Wife of local ‘Wounded Warrior’ receives special honor


Jennifer Nelson, wife of wounded warrior Capt. Nathan Nelson, has been named a Caregiver Fellow of the Elizabeth Dole Foundation.

By Jim Thompson | 315-4445 | @Jimtnwfdn | jthompson@nwfdailynews.com

SANTA ROSA BEACH — Jennifer Nelson, wife of wounded warrior Capt. Nathan Nelson, has been named a Caregiver Fellow of the Elizabeth Dole Foundation.

The foundation was formed in 2012 by former U.S. Sen. Elizabeth Dole, wife of former Sen. Bob Dole, a World War II wounded warrior. The foundation empowers, supports and honors the nation’s 5.5 million military caregivers — the spouses, parents, family members and friends who provide at-home care for wounded, ill or injured veterans.

The foundation’s Caregiver Fellows serve as advocates for military caregivers on the local, state and national level.

“We’re normal people with extraordinary circumstances,” Jennifer Nelson said.

She became a military caregiver after her husband, an Air Force intelligence officer on his third deployment to Afghanistan, was severely injured in 2013 when a 107 mm rocket slammed into the building where he was sleeping. He suffered multiple spinal fractures and other serious injuries. He was paralyzed from the chest down and is wheelchair-bound.

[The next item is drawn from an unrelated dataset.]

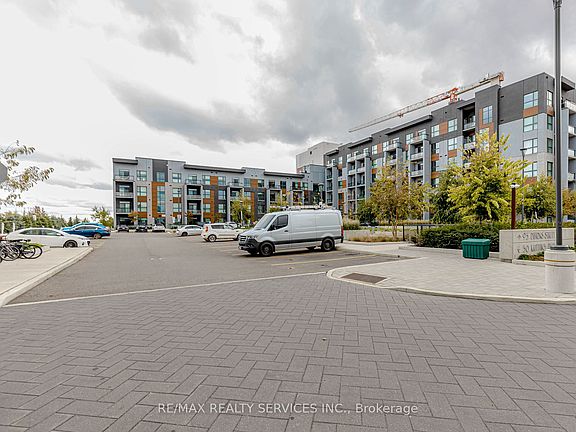 2nd image of 95 Dundas St W #101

Capt. Nelson, now retired and working with the office of local congressman Matt Gaetz, was injured just a few months before the couple’s daughter, Eva, was born. Jennifer Nelson was thrust into an around-the-clock schedule of caring for the newborn and tending to her husband, and trying to catch a half-hour of sleep whenever she could.

That experience is why part of Nelson’s work with the Elizabeth Dole Foundation will be to increase recognition of “secondary post-tramautic stress disorder.” Well known as a problem for many wounded warriors, PTSD can also affect caregivers, Nelson said.

Nelson didn’t recognize her own struggle with PTSD until months after she had been put into the caregiver role. In the initial days after her husband’s injury, Nelson said, she was focused intently on his situation and what seemed to be an uncertain future for the family.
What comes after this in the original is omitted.